Dominic who?

In business that treats everyone like a best pal on a first-name basis -- Halston (Frowick), Geoffrey (Beene), Bill (Blass) Oscar (de la Renta) and others, there's about to be a new star: Dominic (Rompollo).

He's the Seventh Avenue designer Rosalynn Carter has chosen to update --sapphire-blue gown Mrs. Carter has chosen to wear for the Inaugural Ball --the party celebrating her husband's inauguration as governor of Georgia.

According to The New York Daily News, Dominic is also designing a black-and-white evening gown for Mrs. Carter to wear to the gala the night before the Inauguration, and a coat-and-dress costume for the swearing-in ceremonies. Mrs. Carter's press office says it isn't so. Jack Moses, owner of Jasons in Americus, Ga., where Mrs. Carter buys a lot of her clothes, says "the Daily News story is 90 per cent inaccurate."

What certainly is true is that Moses, who helped Mrs. Carter make the original selection of the sapphire-blue dress from sketches, has been in New York recently with a relative of Mrs. Carter, making selections for the clothes the First Lady will wear to all the Inaugural celebrations.

Apparently Mrs. Carter has not found in Washington the calm and anonymity which she likes about shopping at Jasons. With Amy in tow, Mrs. Carter stopped recently at a Friendship Heights shoe shop, and complained about everyone "gawking" at her. "I'll guess I'll have to shop from the White House," she told a friend.

(Gawkers noted that Amy bared a sock with a hole in the heel while trying on some new shoes.

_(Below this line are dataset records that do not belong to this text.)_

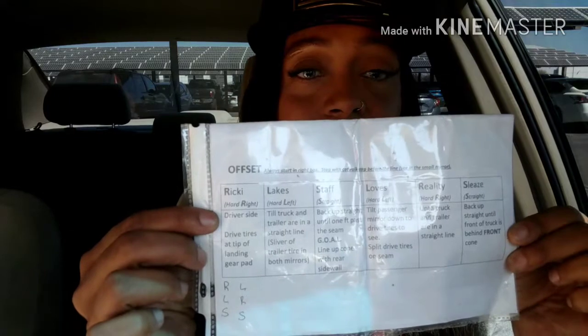They have a mnemonic: 'Ricky Lake Staff Loves Reality Sleaze.' Ricky means hard right. When you do a hard right, you back up until you see the chip in the landing gear, and then you stop. Then you turn your wheel to hard left until the trailer and the truck are straight parallel — and that will be 'Lake Likes.'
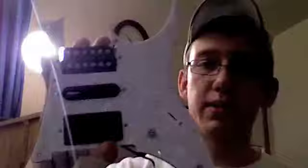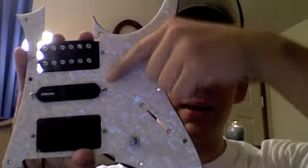Here's the pickups — I've already put them in the pickguard. Got a Steve Vai DiMarzio Breed in the neck, an Aaron Orton Hum Canceling Pickup in the middle, and a DiMarzio Evolution in the bridge. These are all F-spaced except for this one — of course you can't get it in F-spaced, it's just a bar anyway.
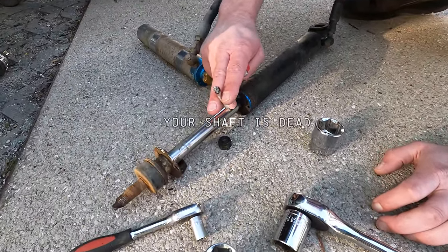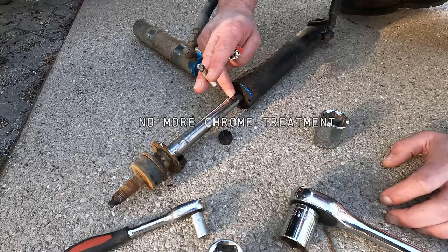During the work, we discovered the shaft was dead — it had lost its chrome treatment. That explained some of the issues we'd been experiencing with the old suspension.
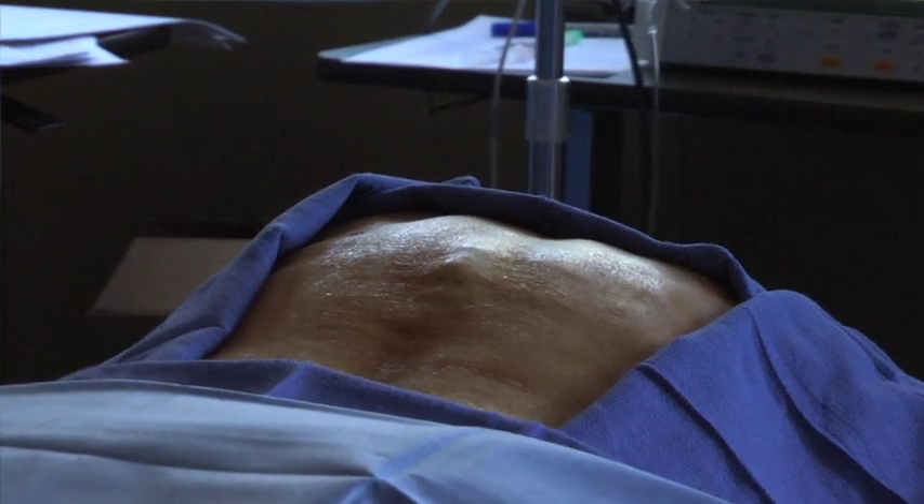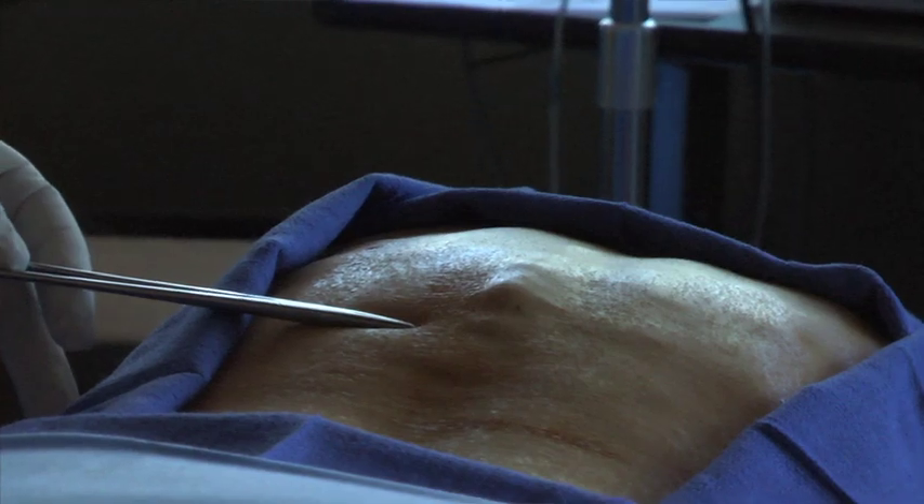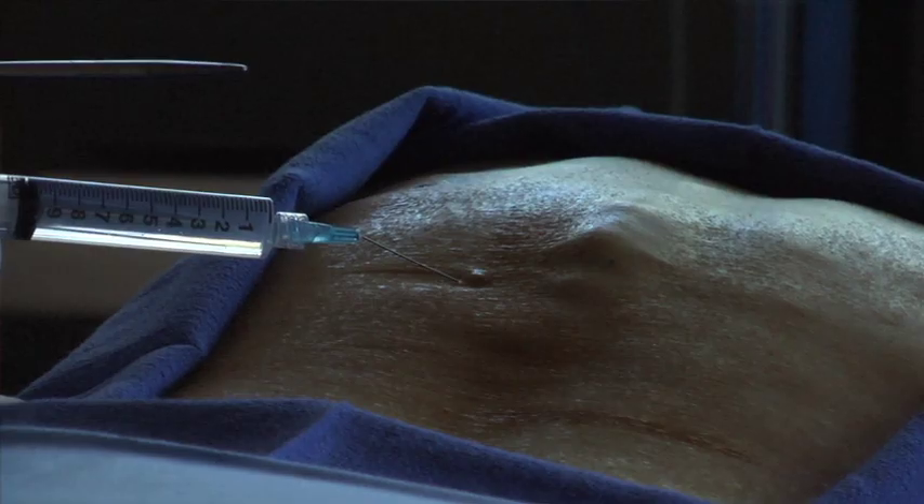The area is prepped and draped in a sterile fashion and a surgical field is created. Numbing medicines such as lidocaine are used to anesthetize the skin.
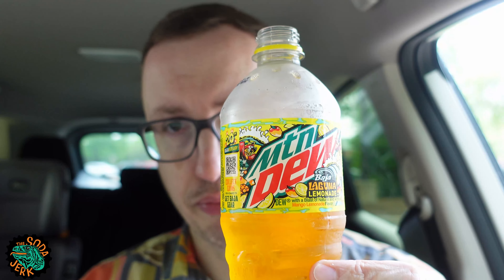But it's not sugary nonsense. The aftertaste honestly feels sweeter than the sip itself. Now that the mouth has been coated with Laguna Lemonade, my mouth is sweet at the moment — but my mouth is always sweet. That's also kind of gross, anyway.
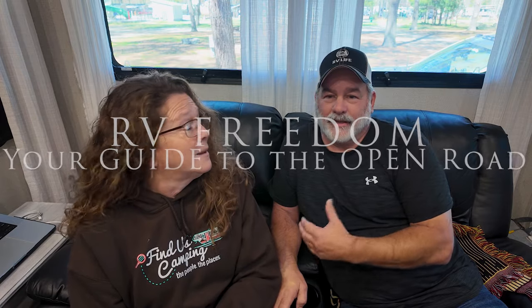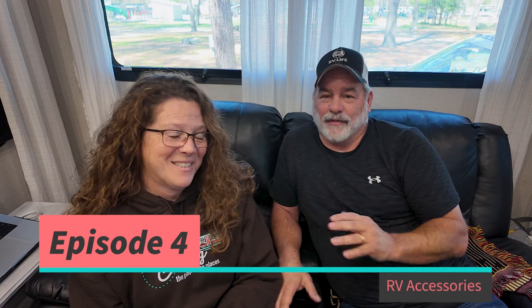Hey y'all, we're Jimmy and Lisa with Finest Camping. Today we are back with you for episode four of our new series RV Freedom: Your Guide to the Open Road. In this episode we're covering RV accessories — things we think you must have, and some you might want to have. Needs and wants, and some of these overlap. These are just things we've come together on agreement on what we think would be a great starter list for you.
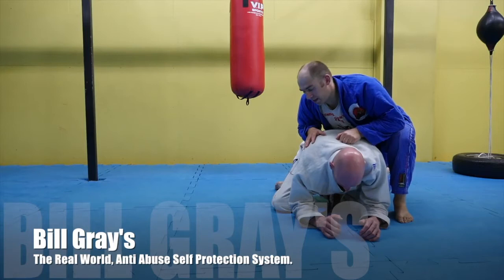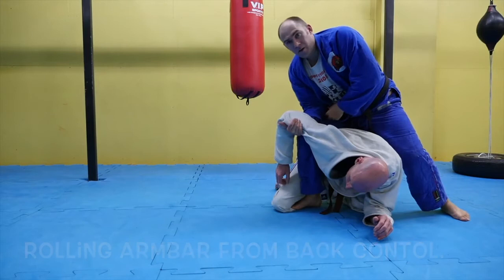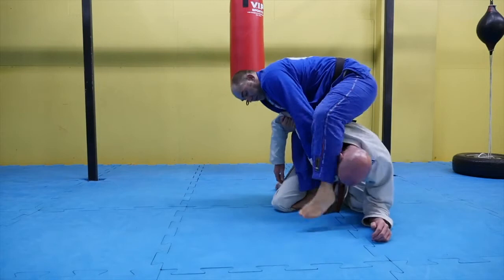This technique is called rolling arm bar from back control. We start off with my right foot, my right hook in here. My right hand goes underneath and I hold it like this, putting my right elbow on my right thigh and crushing it. My left hand goes underneath and I control his far collar so he can't bury his head.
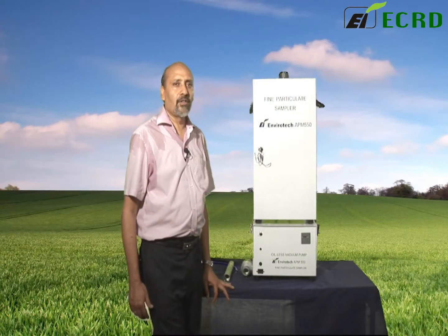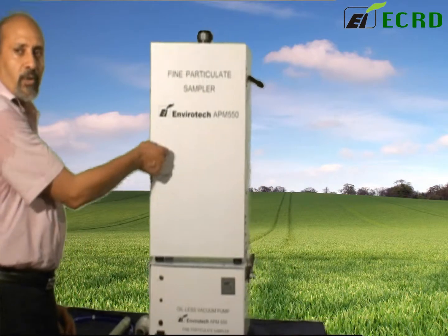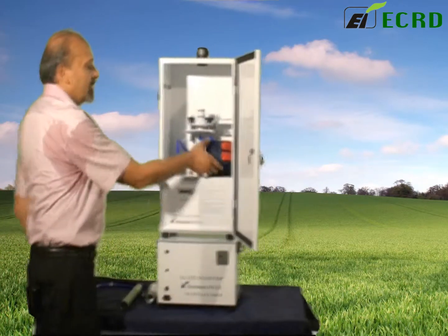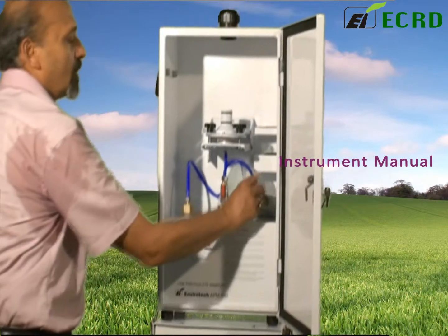We will now start accessing the main parts of the instrument. We've already got the key, put it in the lock and open up the cabinet. What you will find here is a small set of accessories and tools and the instrument manual.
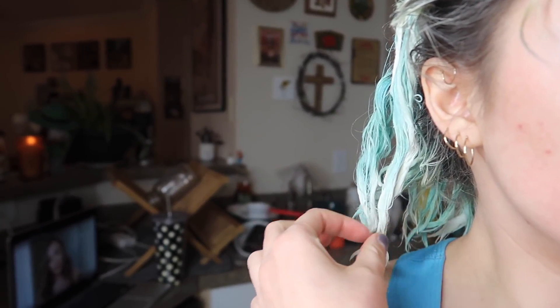I'll probably just leave it on for an hour. My hair is really, really healthy right now because I haven't done anything to it in about six months and I rarely use heat on it. This is what my hair looks like now — it's definitely a lot lighter, especially up here, but there are pieces that are still very blue, which kind of sucks. I'm going to go ahead and wash it out because it's been about an hour, maybe an hour and a half for some pieces.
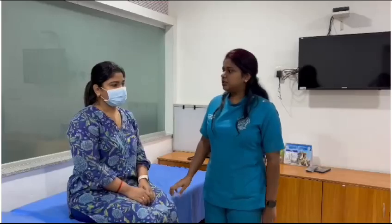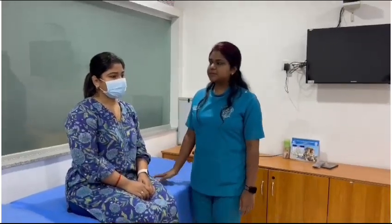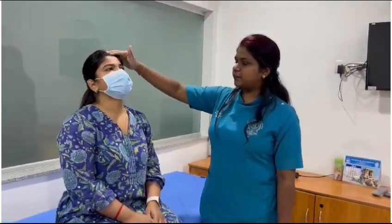In this video we will be seeing about the examination of tracheal position. The patient must be sitting in an upright position, and we have to ask the patient to slightly extend his head upward.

Dominic Rompollo, who will now be known to the world that cares as Dominic, is one of those talented Seventh Avenue designers who is considered an editor, rather than an innovator, who can spot a good idea and tastefully interpret it at a price that lots of women can afford. For fall his price tags started at $135.

Mrs. Carter has been known to have a sharp eye for price tags, rejecting anything she feels inflated by designer labels. She turned down a gray flannel Jerry Silverman dress because of the $170 price tag, but when she decided she wanted it for the trip to Mexico for the inauguration of the President of Mexico, it was too late. The dress in her size had been sold.

"I wish she would realize that every dress is a designer dress," said designer Mollie Parnis. "Nothing is created just out of the blue." Parnis, who admits she, too, wears a dress for sentimental reasons, says Mrs. Carter has a responsibility to wear the best of American fashion as First Lady --constantly photographed, admired and imitated. It's an essential boost to the fashion industry, too, she added, pointing out that the garment industry is one of the country's largest. "In New York alone, 220,000 are in the needle trades," she said.

Jerry Silverman, who thinks he has seen photographs of Mrs. Carter in his dresses, agrees. "For Mrs. Carter not to elect a new dress is a goof," he said. "But an honest goof."

Mrs. Carter's reluctance to spend what she considers inflated prices on top American designer clothes may be related to her own sewing talents --mother -- which had to be put aside during the campaign. But Rosalynn Carter plans to bring her sewing machine to the White House.

So who is Dominic? He's a 37-year-old, first-generation American, son of Italian parents, born in Detroit, Mich. After two years in Korea in the service, he attended the prestigious Parsons School of Design, then worked for Geoffrey Beene and later, Teal Traina. He has had his own firm for four years.

"I'm serious about my work, but I don't take myself seriously," he has said. "In the world of fashion, people involved frequently make too much of a fuss. Just relax and enjoy it."